= Data for this task =
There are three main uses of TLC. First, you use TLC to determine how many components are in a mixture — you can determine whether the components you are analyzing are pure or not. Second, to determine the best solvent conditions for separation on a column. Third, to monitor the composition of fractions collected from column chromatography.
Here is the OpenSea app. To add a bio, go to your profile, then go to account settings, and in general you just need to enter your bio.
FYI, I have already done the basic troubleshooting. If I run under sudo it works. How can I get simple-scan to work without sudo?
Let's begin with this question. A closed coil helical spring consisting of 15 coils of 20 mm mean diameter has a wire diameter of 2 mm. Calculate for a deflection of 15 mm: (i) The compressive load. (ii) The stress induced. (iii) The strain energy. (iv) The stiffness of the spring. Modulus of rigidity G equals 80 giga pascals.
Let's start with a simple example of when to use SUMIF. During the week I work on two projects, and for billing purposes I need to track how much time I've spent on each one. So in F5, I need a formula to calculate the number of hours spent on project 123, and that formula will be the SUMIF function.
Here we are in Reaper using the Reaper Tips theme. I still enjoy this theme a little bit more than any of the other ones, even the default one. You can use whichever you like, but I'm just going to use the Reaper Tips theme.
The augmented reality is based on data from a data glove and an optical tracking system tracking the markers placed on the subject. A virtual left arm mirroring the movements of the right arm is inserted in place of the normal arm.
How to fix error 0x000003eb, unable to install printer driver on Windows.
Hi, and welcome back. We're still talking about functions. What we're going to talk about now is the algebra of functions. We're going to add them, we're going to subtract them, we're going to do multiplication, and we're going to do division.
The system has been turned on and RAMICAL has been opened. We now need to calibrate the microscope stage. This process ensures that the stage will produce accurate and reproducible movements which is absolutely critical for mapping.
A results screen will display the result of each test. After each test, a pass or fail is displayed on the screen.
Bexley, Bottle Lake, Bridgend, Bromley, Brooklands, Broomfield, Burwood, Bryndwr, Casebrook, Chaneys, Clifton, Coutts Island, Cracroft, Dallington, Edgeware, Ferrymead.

= The problem =
Find each line in the data above with the word "just", then copy it.

= Response to the task =
Here is the OpenSea app. To add a bio, go to your profile, then go to account settings, and in general you just need to enter your bio.
Here we are in Reaper using the Reaper Tips theme. I still enjoy this theme a little bit more than any of the other ones, even the default one. You can use whichever you like, but I'm just going to use the Reaper Tips theme.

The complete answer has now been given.